Prompt — From the line containing "4-Shelf Hexagon Shaped" down to the last line of the records below, copy every line exactly. Leave out everything before it.
Supplied records START
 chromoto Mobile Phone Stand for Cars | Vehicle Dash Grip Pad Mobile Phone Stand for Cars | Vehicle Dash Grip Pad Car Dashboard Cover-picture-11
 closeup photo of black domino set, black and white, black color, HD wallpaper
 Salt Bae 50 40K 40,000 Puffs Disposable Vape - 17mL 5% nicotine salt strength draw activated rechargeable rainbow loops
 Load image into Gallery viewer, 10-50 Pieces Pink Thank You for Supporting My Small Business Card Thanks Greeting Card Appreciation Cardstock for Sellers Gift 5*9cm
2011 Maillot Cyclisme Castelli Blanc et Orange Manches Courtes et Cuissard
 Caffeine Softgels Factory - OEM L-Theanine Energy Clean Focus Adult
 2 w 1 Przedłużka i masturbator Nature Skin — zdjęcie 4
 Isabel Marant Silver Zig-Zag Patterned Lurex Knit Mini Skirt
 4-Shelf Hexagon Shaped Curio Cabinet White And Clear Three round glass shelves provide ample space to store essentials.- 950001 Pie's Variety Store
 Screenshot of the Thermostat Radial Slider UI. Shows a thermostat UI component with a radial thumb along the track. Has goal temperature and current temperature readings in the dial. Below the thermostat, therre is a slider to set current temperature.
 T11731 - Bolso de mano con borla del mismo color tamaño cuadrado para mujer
Supplied records END
Solution below —
 4-Shelf Hexagon Shaped Curio Cabinet White And Clear Three round glass shelves provide ample space to store essentials.- 950001 Pie's Variety Store
 Screenshot of the Thermostat Radial Slider UI. Shows a thermostat UI component with a radial thumb along the track. Has goal temperature and current temperature readings in the dial. Below the thermostat, therre is a slider to set current temperature.
 T11731 - Bolso de mano con borla del mismo color tamaño cuadrado para mujer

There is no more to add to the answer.